Les routes périlleuses du désert du Sahara

Sur le terrain, ces abus ne semblent pas décourager des migrants et réfugiés à utiliser ce pays d’Afrique du nord comme point de passage pour rejoindre l’Europe. Au cours de la période considérée (avril 2023 à avril 2024), plus de 2.400 personnes sont mortes ou ont disparu en tentant de traverser la Méditerranée centrale, « ce qui représente une perte de vies insupportable ». Plus de 1.300 d’entre elles sont parties de Libye.

Pour le chef des droits de l’homme de l’ONU, il est inadmissible que des personnes en quête de sécurité et de dignité souffrent et meurent dans des circonstances aussi indescriptibles. « Je demande à chacun d’entre nous de réfléchir à cette perte de vies tragique et continue – ainsi qu’à la mort de tant de migrants et de réfugiés sur les routes périlleuses qui traversent le désert du Sahara vers la côte, comme le souligne un rapport publié la semaine dernière par le HCR, l’OIM et le Centre de migration mixte », a-t-il dit.

Il demande à la communauté internationale d’examiner et, si nécessaire, de « suspendre » la coopération en matière d’asile et de migration avec les autorités impliquées dans les violations des droits de l’homme.

Ciblage des voix dissidentes

Plus largement, la Libye se trouve à la « croisée des chemins » et en proie à une « insécurité profonde ». Les populations continuent d’endurer « la misère des difficultés économiques couplée à l’exclusion politique ».

Un processus politique bloqué, détourné par des acteurs dont les intérêts sont alignés sur la préservation du statu quo, est en train de décimer les espoirs des Libyens d’une société plus stable, plus ouverte et plus prospère. « Des espoirs qu’ils ont dû porter pendant bien trop longtemps, avec peu de choses en retour ».

Le chef des droits de l’homme a ainsi dénoncé l’« escalade » des arrestations et détentions arbitraires, des disparitions forcées et des violations liées à la détention.
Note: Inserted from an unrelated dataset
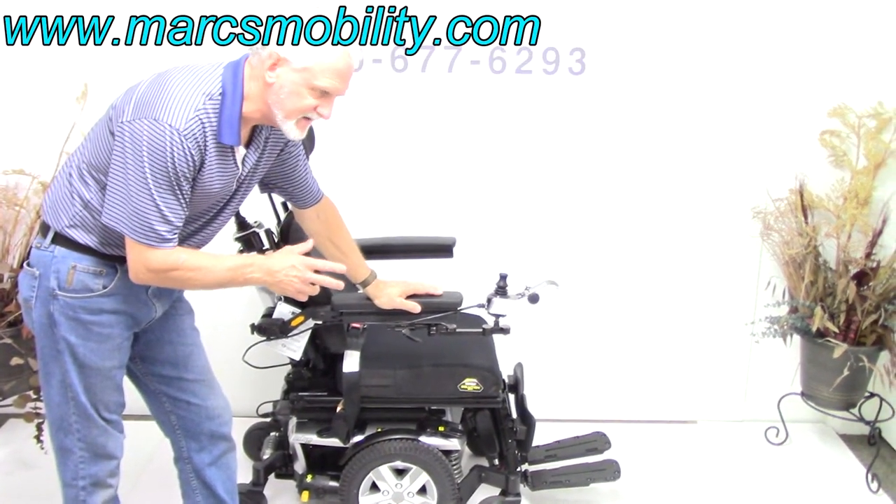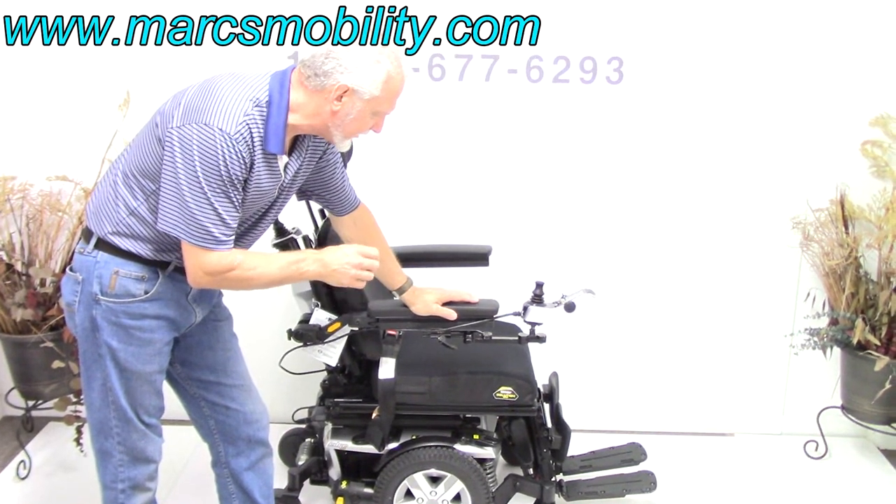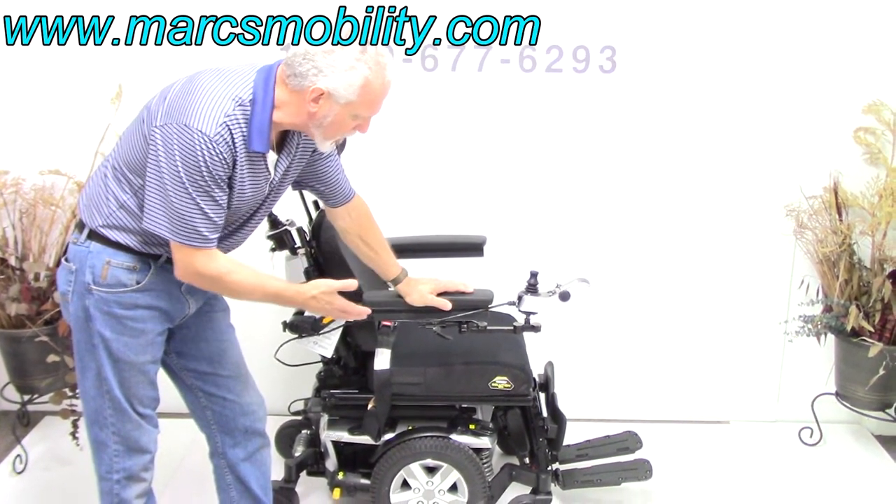This is a Quantum Q6 Edge 2.0 in almost new condition. It has 35 miles on it, so it's practically brand new, with very sharp looking colors.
Le ciblage des opposants politiques et des voix dissidentes dans tout le pays s’est accéléré depuis la fin du mandat de la mission d’enquête indépendante.

Bien que le chiffre soit probablement plus élevé et que les arrestations se poursuivent, l’ONU a ainsi vérifié au moins 60 cas de détention arbitraire de personnes qui exerçaient pacifiquement leur droit d’exprimer leurs opinions politiques. Dans certains cas, la détention a été suivie d’une exécution extrajudiciaire.

Cette répression inflige de grandes souffrances aux personnes concernées et à leurs familles, dont certaines ont elles-mêmes été victimes d’arrestations et de détentions arbitraires. « L’absence persistante de reddition des comptes pour ces violations et abus commis il y a 13 ans reste l’un des obstacles majeurs à la réconciliation aujourd’hui, et sert de moteur au conflit », a regretté le Haut-Commissaire.